Running BLAST/tblastn standalone is probably the easiest solution to your issues, as Anton suggested. But from your description, you seem to be interested in running a split alignment in the sequence graph to account for splice variants (?). The tool of choice I'd suggest would be vg mpmap (https://github.com/vgteam/vg/wiki/Multipath-alignments-and-vg-mpmap). You also seem to be interested in protein graph alignment, so another tool I'd like to shamelessly advertise is PanPA, developed by one of my colleagues at the Marschall lab https://github.com/fawaz-dabbaghieh/PanPA.

[asl]

@yjk-bertrand Bandage's hit chaining is very primitive. Essentially it collects all the hits that are located near the start of the query (given the expected minimum hit coverage) and all hits near the end, then it calculates the range of allowed path lengths (again, given the settings), then performs exhaustive enumeration of all paths that fits within the length range.

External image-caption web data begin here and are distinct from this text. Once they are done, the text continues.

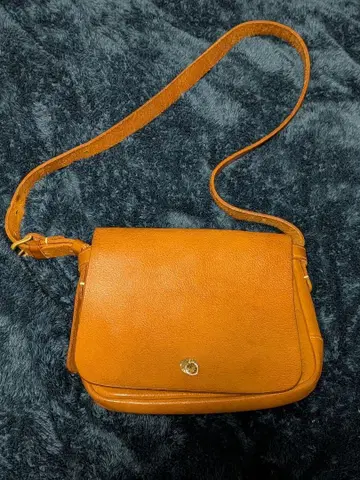 BEAMS x SLOW 빔즈 레트로풍 숄더백 가죽백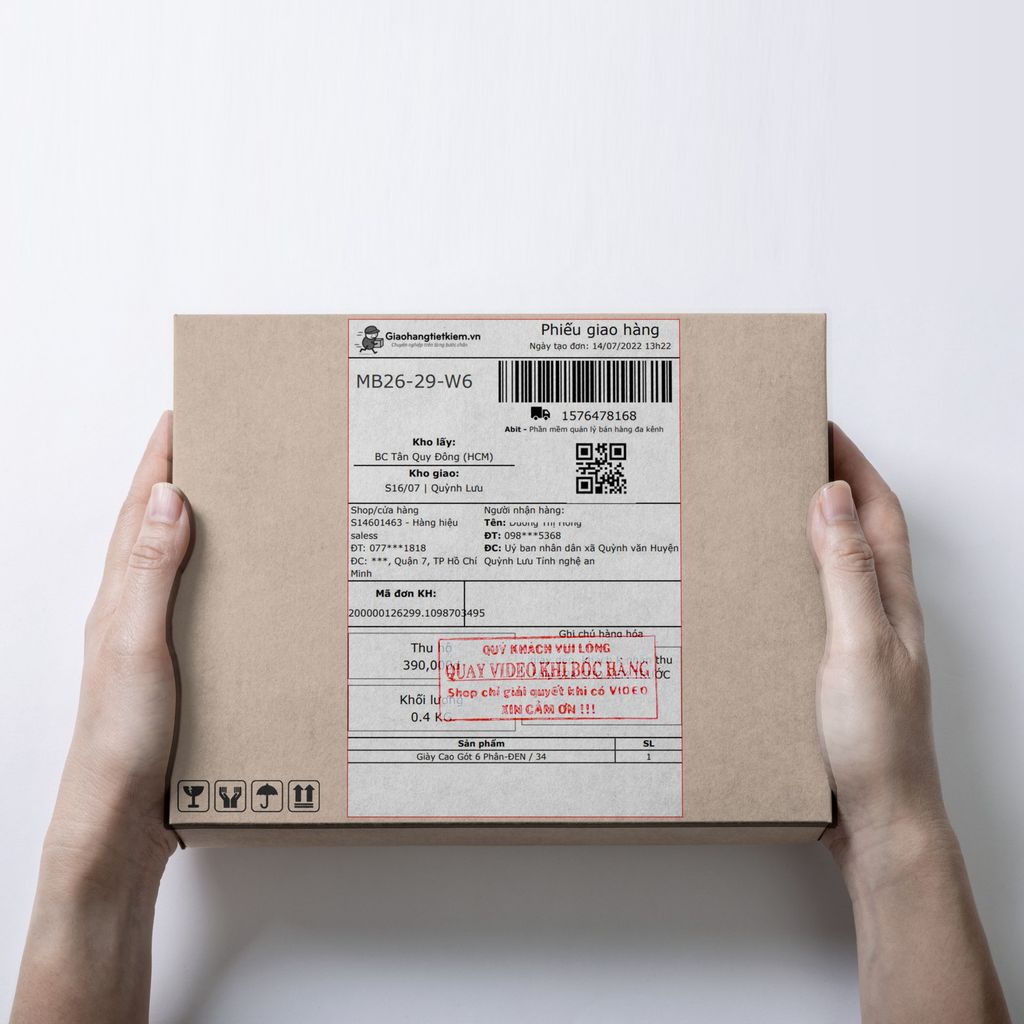 Thông báo về việc giao nhận hàng hoá khi mua Online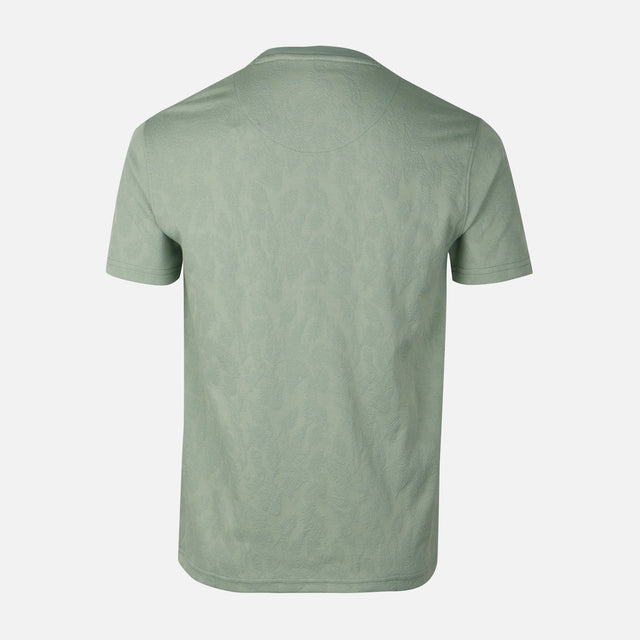Men Structure T-Shirt Round Neck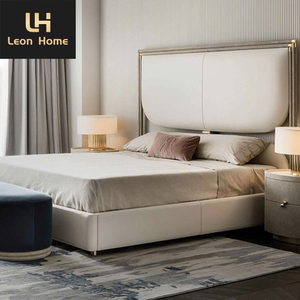Meubles <span class=keywords><strong>Leon</strong></span> Vente en gros Taille personnalisée Style italien classique Grand lit Queen rembourré Taille <span class=keywords><strong>King</strong></span> de luxe - Product Image 5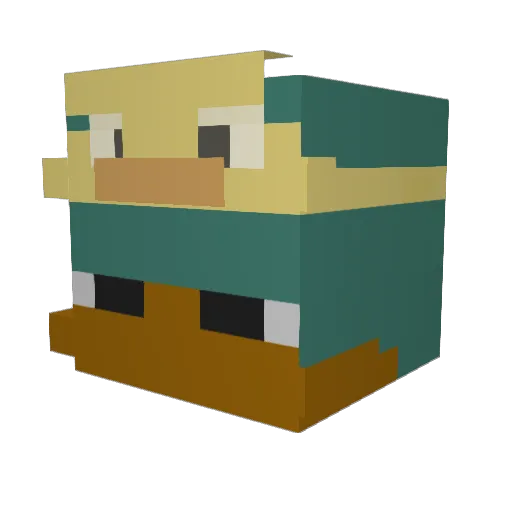 AntmanJr Minecraft avatar head, 3D render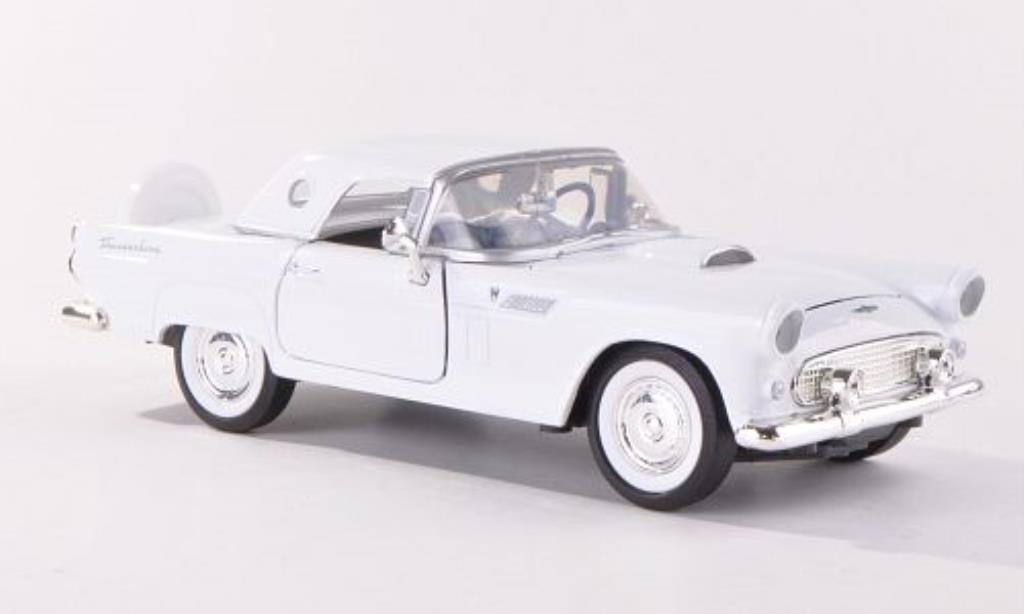 Ford Thunderbird 1/24 Motormax wit 1956 modelauto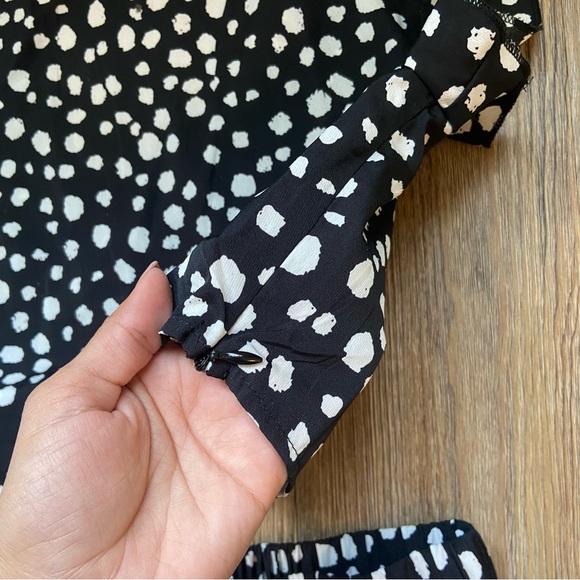 Chic Black and White Polka Dot Set - Picture 10 of 11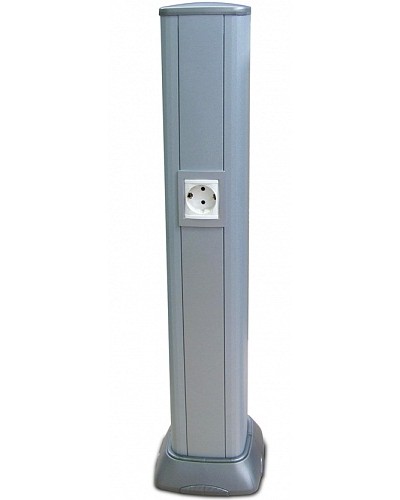 Колонна алюминевая 0,71 м, цвет темно-серебристый металлик DKC 09594 во Владивостоке Аксессуары для стоек и шкафов Pintop.ru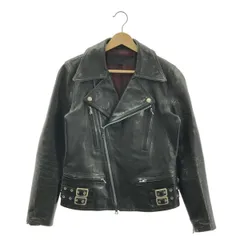 【美品】  ISAMU KATAYAMA BACKLASH / イサムカタヤマバックラッシュ | × ROLL / ロール 羊革 ラムレザー バックエンブロイダリー ライダース ジャケット / 総裏地 | 1 | black | メンズ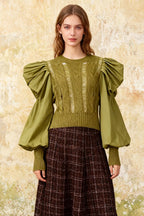 Textured Slim Fit Knit Top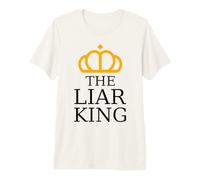 The Liar King Orange Crown Political Protest Statement Premium T-Shirt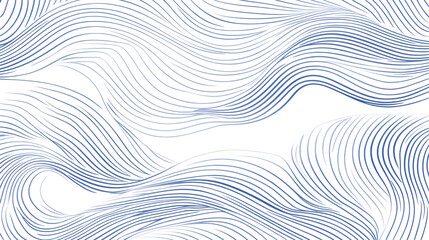 Poster - Hand-drawn background pattern with overlapping straight and curved lines isolated on transparent background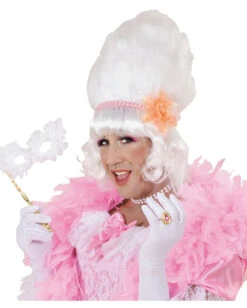 Rokoko Perücke 5 Rokoko Perücke -Halloween Perücken Geschäft marquise peruecke mit rosa perlen barock peruecke drag queen perucke 29355 3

Finally, results are filtered given hits and path coverages. In your particular case, it seems that adding --maxpatlen 2 produces much more results :)

[yjk-bertrand]

Indeed, it is a key parameter in this case. Thanks!

[yjk-bertrand]

@danydoerr Yes, I have protein sequence that I am aligning to split variant graph obtained by converting the assembly graph from spades into a Blunted graph. Because I am working on target captured data (hybseq technology) for protein families I usually obtain low depth assemblies with a lot of miss-assemblies in the flanking regions of reads. Therefore it is easier to spot and remove miss-assemblies by cutting dead ends in the graph. Because sequence similarity in the exonic regions are as low as 80% I decided to query the graph with protein sequences instead of DNA. Consequently, using GraphAligner or other DNA/DNA aligners is not an option. Following you advice, I tried PanPa, which is a very interesting tool (thanks for suggesting), yet I am not fully sure of its concrete application. I'd like to see a publication using it. Unfortunately, it doesn't perform well on my data: it returned a single path of nodes that are not connected on the graph. This result is really odd, I don't get it. We have been using vg on pangenomics projects. It feels like an overkill for such a tiny graph, besides my understanding is that it is design for mapping fastq reads on the graph not AA fasta. Please correct me if I am wrong. Anyhow, thanks for your suggestions, it made me discover another cool tool!

[danydoerr]

@yjk-bertrand Apologies for the delay. You are right--vg does not support protein-to-dna alignment, PanPA constructs+uses protein graphs. But both of these approaches allow you to do real graph alignment, and not just path-imposed alignment. I would have expected vg's multipath approach working well on exome data, because of its application in finding splice-variants in rnaseq data. If you have questions/issues on running PanPA, my colleague Fawaz Dabbaghieh will surely be happy to help you out.